21 Eylül’de verilen dilekçede Zarrab’ın avukatları “reddi hakim” konusunda ısrarlarını sürdürdüler ve savcılığın öne sürdüğü argümanlara itiraz ettiler. Dilekçede Yargıç Berman’ın, Türkiye’de bir hukuk sempozyumuna katılmasını açıklamasını normal karşılandığı ve o gün itibarıyla itiraz edilecek bir durumun olmadığı belirtildi. Hakim Berman’ın, ilk duruşmada yaptığı açıklamada, Türkiye’de düzenlenen sempozyumun YKK hukuk firmasıyla birlikte sponsorluğunu üstlendiğini iddia ettiği, ancak BM’ye bağlı olarak çalışan, ‘UN Global Compact’ kuruluşunun bu iddiayı reddettiği belirtildi.

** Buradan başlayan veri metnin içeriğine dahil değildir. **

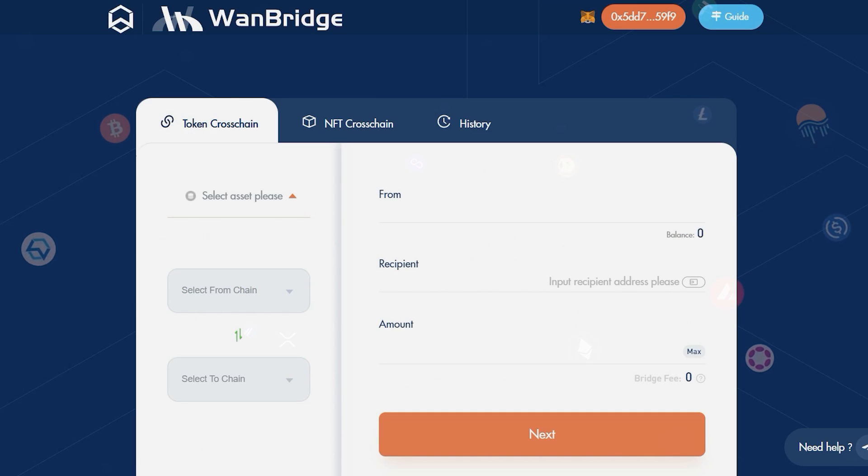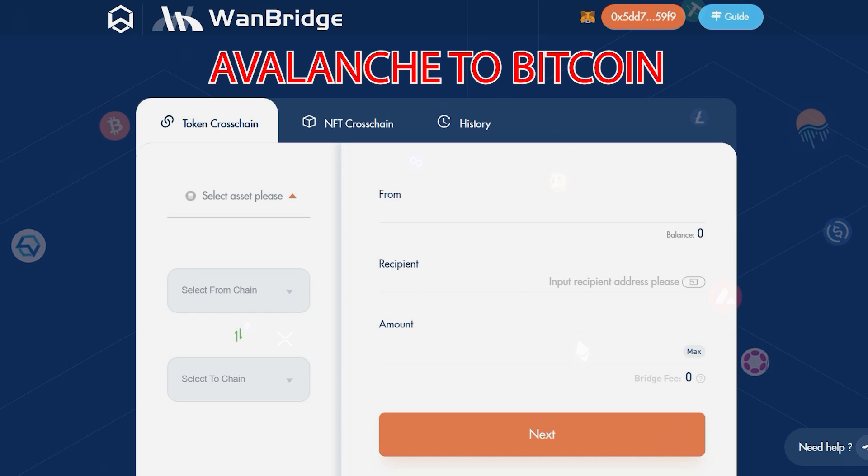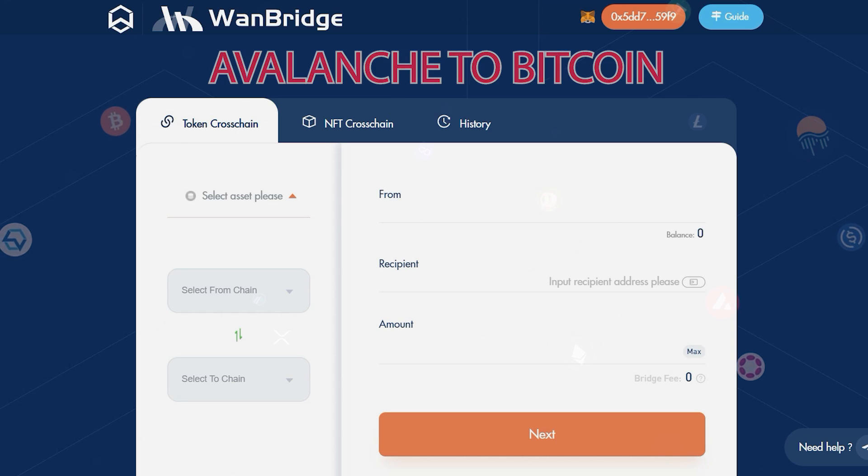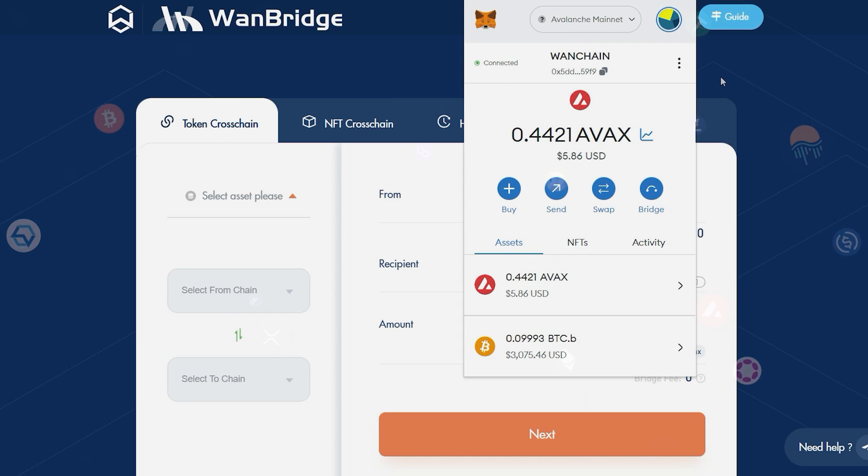Finally, let's use Bitcoin Xflows to send BTCB on Avalanche network to BTC on the native Bitcoin network. First, change the network in your MetaMask Wallet to Avalanche.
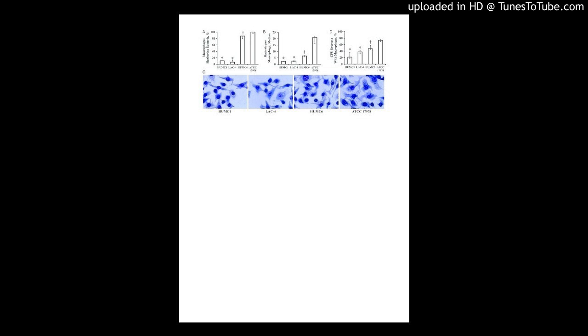Results: Out of 147 confirmed baumannii isolates, 97.3% of isolates were extensive drug-resistant (XDR) and 2.7% were multi-drug-resistant (MDR).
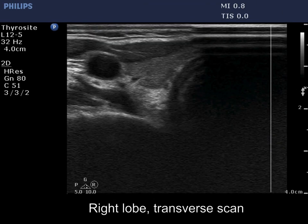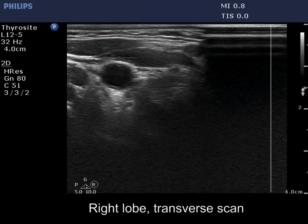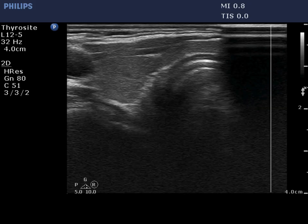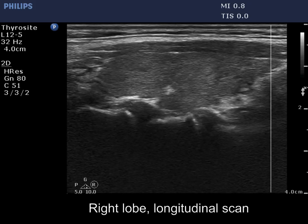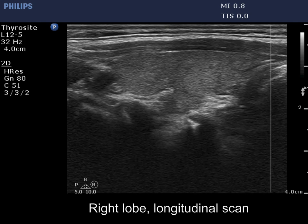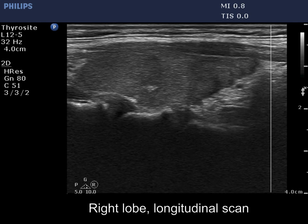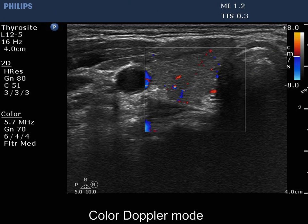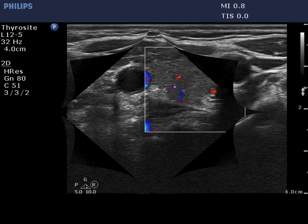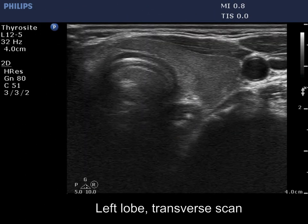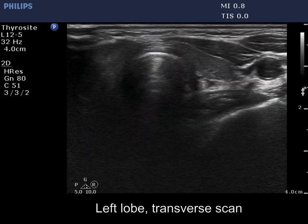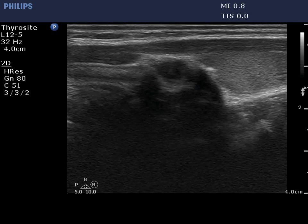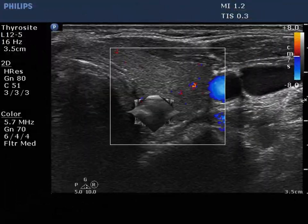The thyroid is minimally hypoechoic or echonormal. Compared with the previous examinations, the proportion of hypoechoic areas decreased substantially. The left lobe has a similar presentation. This pattern now corresponds to an intact healthy thyroid.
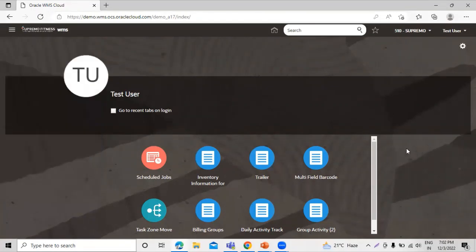This is how you can create a user in WMS Cloud in Oracle Fusion. Thanks for watching this video — thank you so much.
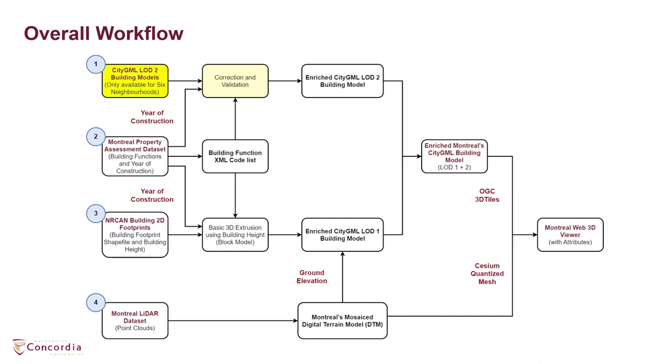Further, they are enriched with the building function codes from the building function XML code list developed based on Montreal's property assessment open dataset.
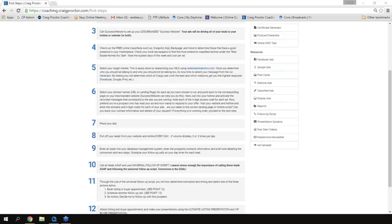Number six is selecting your domain names. You need one domain name for your website and one domain name for each offer that you make within that website. So if you start off running five ads that offer five different things, you have one domain name representing your website and then five domain names representing each individual offer. Each of those individual domain names will be set up to point directly to the appropriate page on your website offering that information.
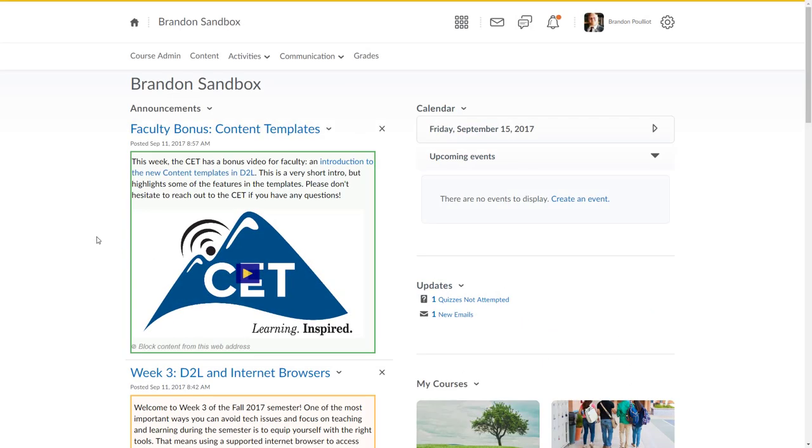Hello everybody, this is Brandon with the Center for Excellence in Teaching at Laramie County Community College. We're going to look at the Respondus Lockdown Browser.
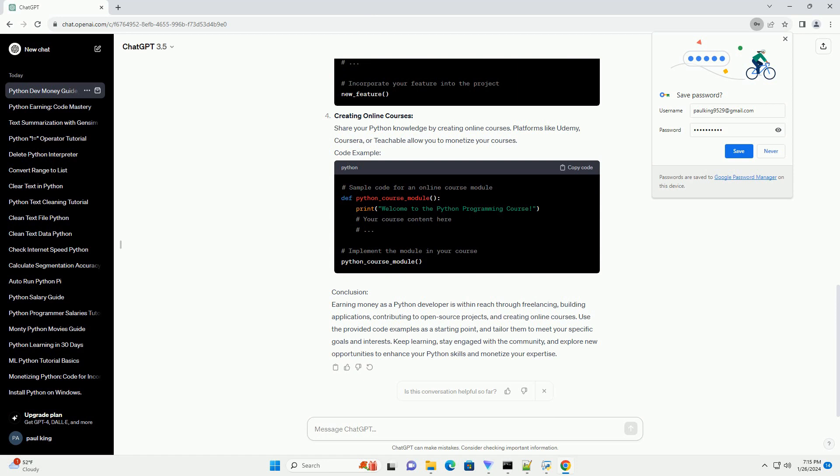Code Example - Contributing to Open-Source: Contribute to open-source projects on platforms like GitHub. Many projects welcome contributors and offer bounties for solving issues or adding new features.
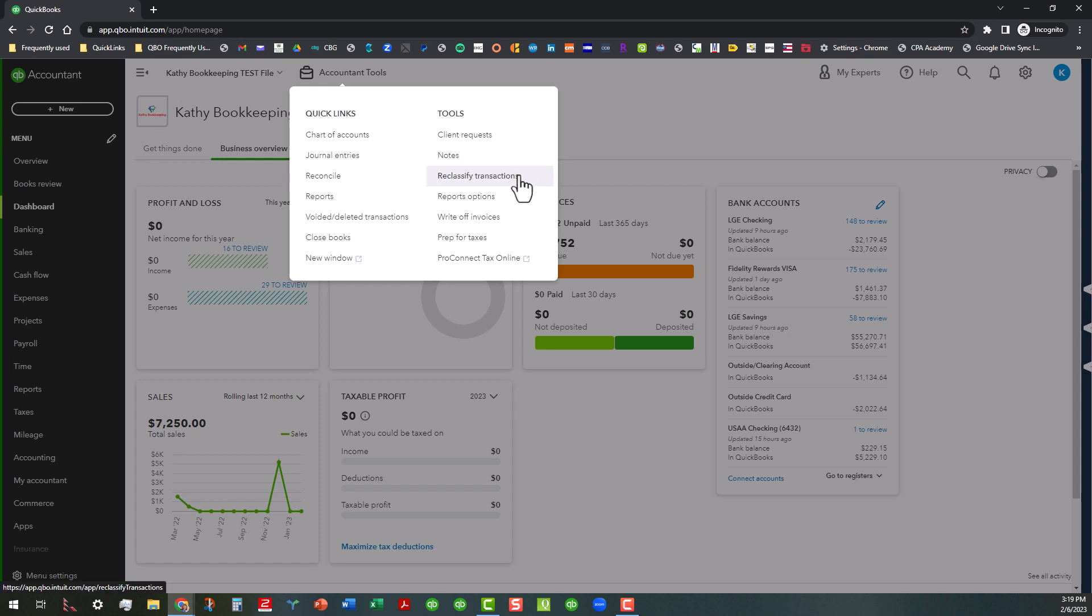Here's one that is not something that normal users have access to. Only external accountant users have access to this. This is the reclassify transactions feature. There's also another feature, write-off invoices, where you can actually write off invoices if you're in an accrual-based business. And then we've got the prep for taxes tool and the ProConnect Tax Online.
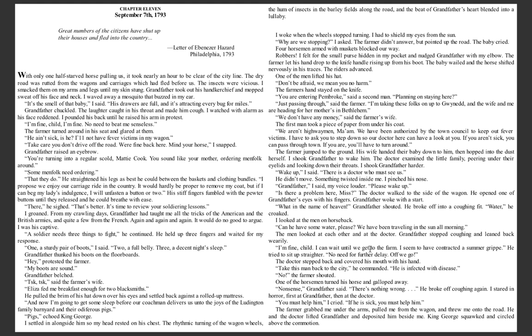From my crawling days, Grandfather had taught me all the tricks of the American and British armies, and quite a few from the French. Again and again and again. It would do no good to argue; I was his captive. 'A soldier needs three things to fight,' he continued. He held up three fingers and waited for my response. 'One, a sturdy pair of boots. Two, a full belly. Three, a decent night's sleep.' Grandfather thunked his boots on the floorboards. 'Hey!' protested the farmer. 'My boots are sound,' Grandfather belched. 'Tsk tsk,' said the farmer's wife. 'Eliza fed me breakfast enough for two blacksmiths.' He pulled the brim of his hat over his eyes and settled back against a rolled-up mattress. 'And now I'm going to get some sleep before our coachman delivers us onto the joys of the Ludington family barnyard and their odiferous pigs.'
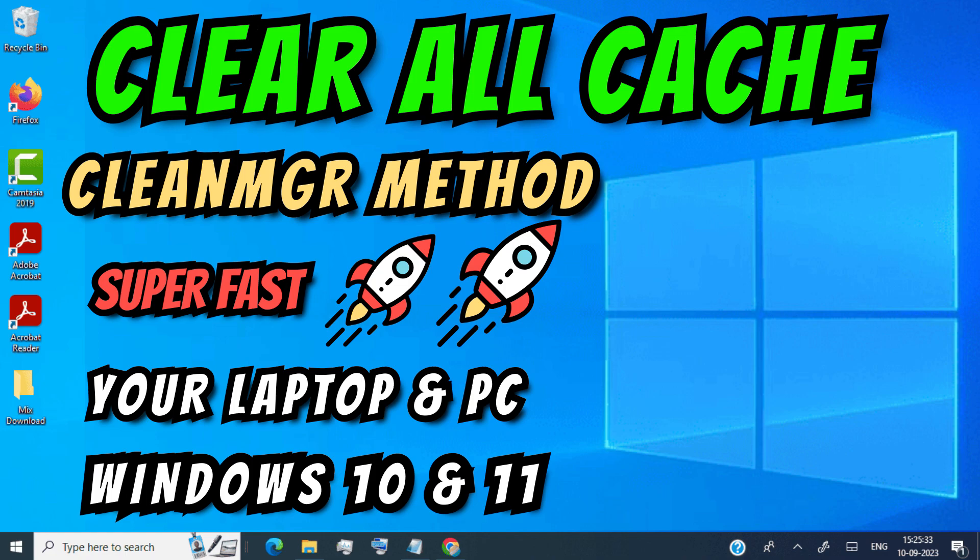Hello guys, in this video I will be showing you how to clear all cache junk from Windows laptop and PC using CleanMGR method. This method works on Windows 10, Windows 11, or any Windows laptop or PC you have.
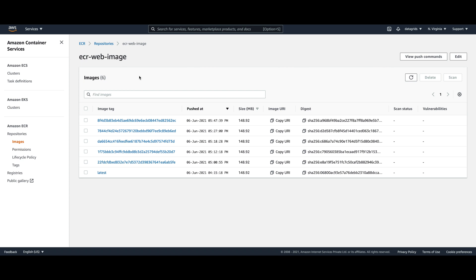That's all for this tutorial. Let me know if you want to know how to deploy the ECR image on an EC2 instance, ECS cluster, or EKS Kubernetes clusters.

Yargıç Berman’ın 2014 yılında katıldığı sempozyumu düzenleyen hukuk firmasının sahiplerinin darbe girişimiyle ilişkilendirilerek, FETÖ üyesi oldukları gerekçesiyle tutuklandıkları; polisin, darbe girişimi sonrasında sempozyumun sponsoru olan YKK hukuk firmasına baskın düzenlediği ve ardından kapatıldığı haberlerde yer aldı.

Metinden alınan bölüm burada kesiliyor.